Can you help me with this statistics problem?
A company requires all employees to take drug test. The company can afford only the inexpensive drug test- the one with a 5% false-positive rate and a 10% false-negative rate. (This means that 5% of those who aren't using drugs test positive incorrectly and 10% of those who are using drugs test negative). Suppose that 10% of the employees in the company are using drugs and answer the following questions.

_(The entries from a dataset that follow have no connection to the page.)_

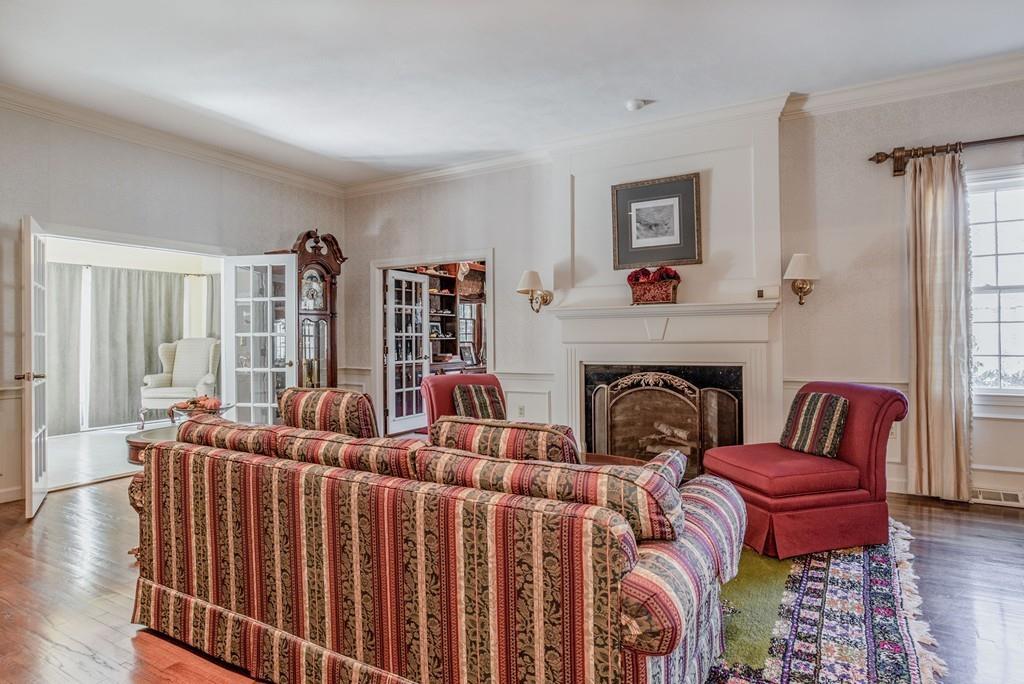 104 Fox Run Road Sudbury, MA 01776 - Photo 16 of 36 a living room with furniture a fireplace and a large window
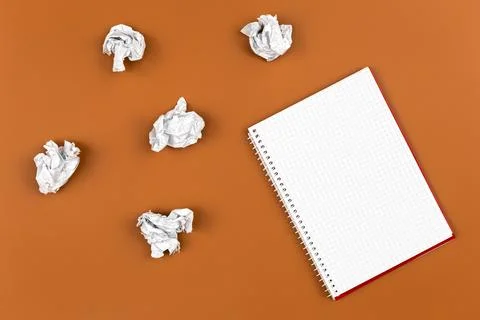 Empty notebook and crumpled paper balls, flat lay. Stock Photos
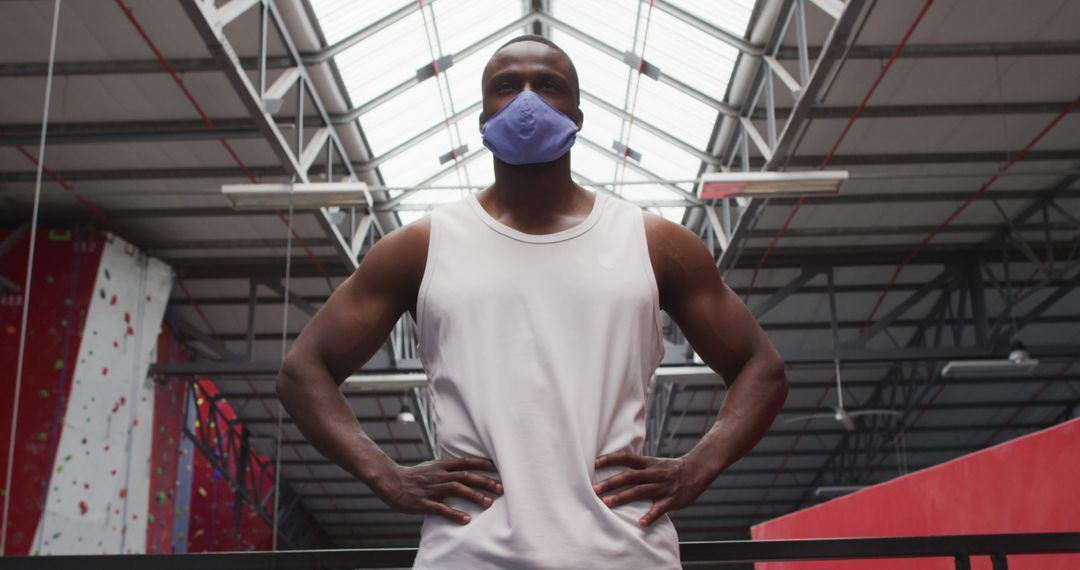 Athlete in Gym Wearing Face Mask, Ready for Workout - Free Images, Stock Photos and Pictures on Pikwizard.com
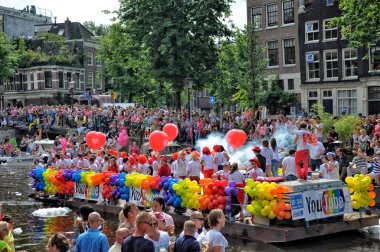 Amsterdam, Hollanda - 4 Ağustos 2012: İnsanlar eşcinsel geçit törenini kutluyor, Amsterdam kanallarında kutlama yapıyorlar. lgbt bayraklı insanlar.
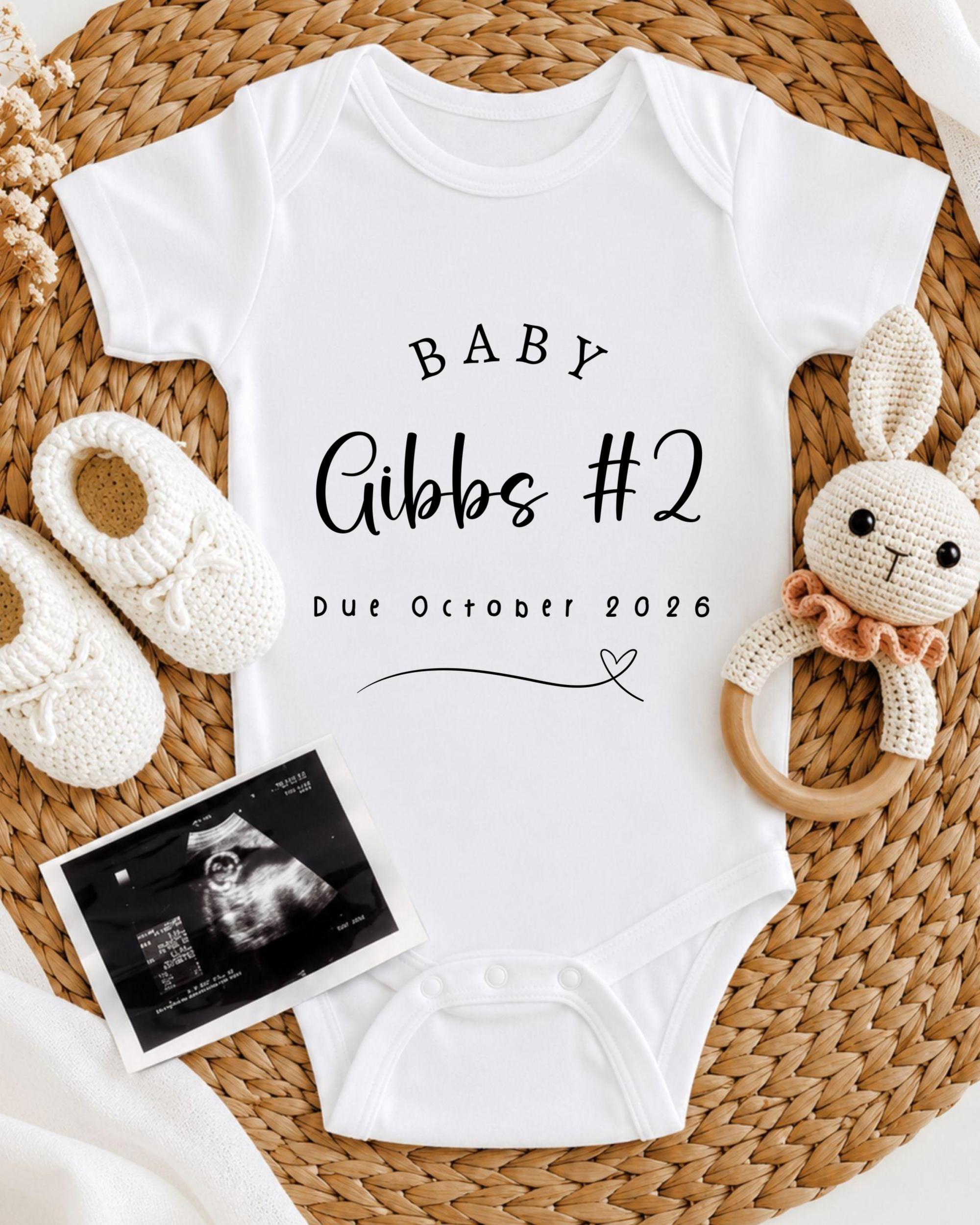 a baby announcement, including a white onesie with the text "BABY Gibbs #2 Due October 2026", a crocheted bunny toy, and a black and white photograph of an Ultrasound image.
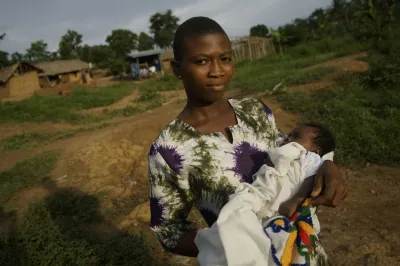 A young African woman holds a baby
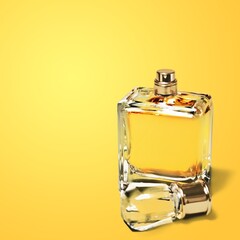 Elegant transparent perfume bottle on desk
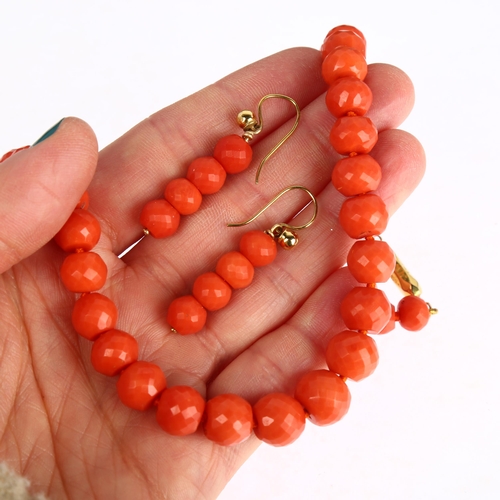 1117 - A Georgian graduated faceted coral bead necklace and earring set, beads ranging from 11.6-8.1mm, gol... 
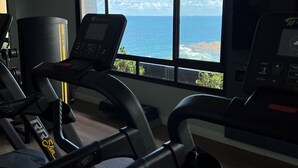 Un gimnasio con cintas de correr, un saco de boxeo y vistas al océano a través de amplias ventanas.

a. If one employee is chosen at random what is the probability that the employee uses drugs and tests positive?
b. If one employee is chosen at random, what is the probability that the employee does not use drugs but tests positive anyway.
c. If one employee is chosen at random, what is the probability that the employee tests positive.
d. If we know that a randomly chosen employee has tested positive, what is the probability that he uses drugs.
Please explain how to determine the probabilities.
Sure! I can help you with this statistics problem. To determine the probabilities, we need to understand conditional probability and apply it to the given information.
Before we start, let's define some terms:
- A: The event that an employee uses drugs.
- B: The event that an employee tests positive.
Now, let's find the probabilities step by step:
a. To find the probability that an employee uses drugs and tests positive, we need to find P(A and B). According to the given information, the probability of testing positive given that an employee uses drugs is 1 - 10% = 90% (since 10% of drug users test negative). Also, we know that 10% of the employees use drugs (P(A) = 0.10). So, we can calculate P(A and B) as follows:
P(A and B) = P(B|A) * P(A)
= 0.90 * 0.10
= 0.09
= 9%
Therefore, the probability that a randomly chosen employee uses drugs and tests positive is 9%.
b. To find the probability that an employee does not use drugs but tests positive, we need to calculate P(not A and B). The probability of testing positive given that an employee does not use drugs is 5% (since 5% of non-drug users test positive). The probability of not using drugs is 1 - 10% = 90% (P(not A) = 0.90). So, we can calculate P(not A and B) as follows:
P(not A and B) = P(B|not A) * P(not A)
= 0.05 * 0.90
= 0.045
= 4.5%
Therefore, the probability that a randomly chosen employee does not use drugs but tests positive is 4.5%.
c. To find the probability that an employee tests positive, we need to find P(B). An employee can test positive either if they use drugs (P(A and B) = 9%) or if they do not use drugs (P(not A and B) = 4.5%). So, we can calculate P(B) as follows:
P(B) = P(A and B) + P(not A and B)
= 0.09 + 0.045
= 0.135
= 13.5%
Therefore, the probability that a randomly chosen employee tests positive is 13.5%.
d. To find the probability that a randomly chosen employee uses drugs given that they have tested positive, we need to calculate P(A|B). According to Bayes' theorem:
P(A|B) = P(B|A) * P(A) / P(B)
We already know that P(B|A) = 90% (as mentioned before), P(A) = 10%, and P(B) = 13.5% (as calculated in part c). So, we can calculate P(A|B) as follows:
P(A|B) = (P(B|A) * P(A)) / P(B)
= (0.90 * 0.10) / 0.135
= 0.0667 (rounded to 4 decimal places)
= 6.67%
Therefore, the probability that a randomly chosen employee uses drugs given that they have tested positive is approximately 6.67%.
I hope this explanation helps you understand how to determine the probabilities in this statistics problem. Let me know if you need any further assistance!